DATA:
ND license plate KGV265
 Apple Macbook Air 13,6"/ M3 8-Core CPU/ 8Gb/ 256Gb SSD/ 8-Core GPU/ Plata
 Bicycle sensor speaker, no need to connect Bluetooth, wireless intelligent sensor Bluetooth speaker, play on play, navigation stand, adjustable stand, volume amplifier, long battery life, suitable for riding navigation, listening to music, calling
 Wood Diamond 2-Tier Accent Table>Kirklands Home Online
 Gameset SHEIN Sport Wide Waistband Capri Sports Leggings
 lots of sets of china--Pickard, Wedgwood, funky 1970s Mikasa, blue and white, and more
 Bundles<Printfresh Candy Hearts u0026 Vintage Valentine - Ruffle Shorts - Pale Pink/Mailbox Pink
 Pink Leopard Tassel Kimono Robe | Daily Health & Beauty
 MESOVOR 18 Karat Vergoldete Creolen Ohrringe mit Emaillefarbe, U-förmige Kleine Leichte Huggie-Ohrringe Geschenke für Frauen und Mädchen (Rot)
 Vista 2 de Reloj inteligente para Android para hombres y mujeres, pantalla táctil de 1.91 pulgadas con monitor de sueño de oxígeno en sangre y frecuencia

EXERCISE GOAL:
What you return must match the records exactly, line for line.

RESPONSE:
ND license plate KGV265
 Apple Macbook Air 13,6"/ M3 8-Core CPU/ 8Gb/ 256Gb SSD/ 8-Core GPU/ Plata
 Bicycle sensor speaker, no need to connect Bluetooth, wireless intelligent sensor Bluetooth speaker, play on play, navigation stand, adjustable stand, volume amplifier, long battery life, suitable for riding navigation, listening to music, calling
 Wood Diamond 2-Tier Accent Table>Kirklands Home Online
 Gameset SHEIN Sport Wide Waistband Capri Sports Leggings
 lots of sets of china--Pickard, Wedgwood, funky 1970s Mikasa, blue and white, and more
 Bundles<Printfresh Candy Hearts u0026 Vintage Valentine - Ruffle Shorts - Pale Pink/Mailbox Pink
 Pink Leopard Tassel Kimono Robe | Daily Health & Beauty
 MESOVOR 18 Karat Vergoldete Creolen Ohrringe mit Emaillefarbe, U-förmige Kleine Leichte Huggie-Ohrringe Geschenke für Frauen und Mädchen (Rot)
 Vista 2 de Reloj inteligente para Android para hombres y mujeres, pantalla táctil de 1.91 pulgadas con monitor de sueño de oxígeno en sangre y frecuencia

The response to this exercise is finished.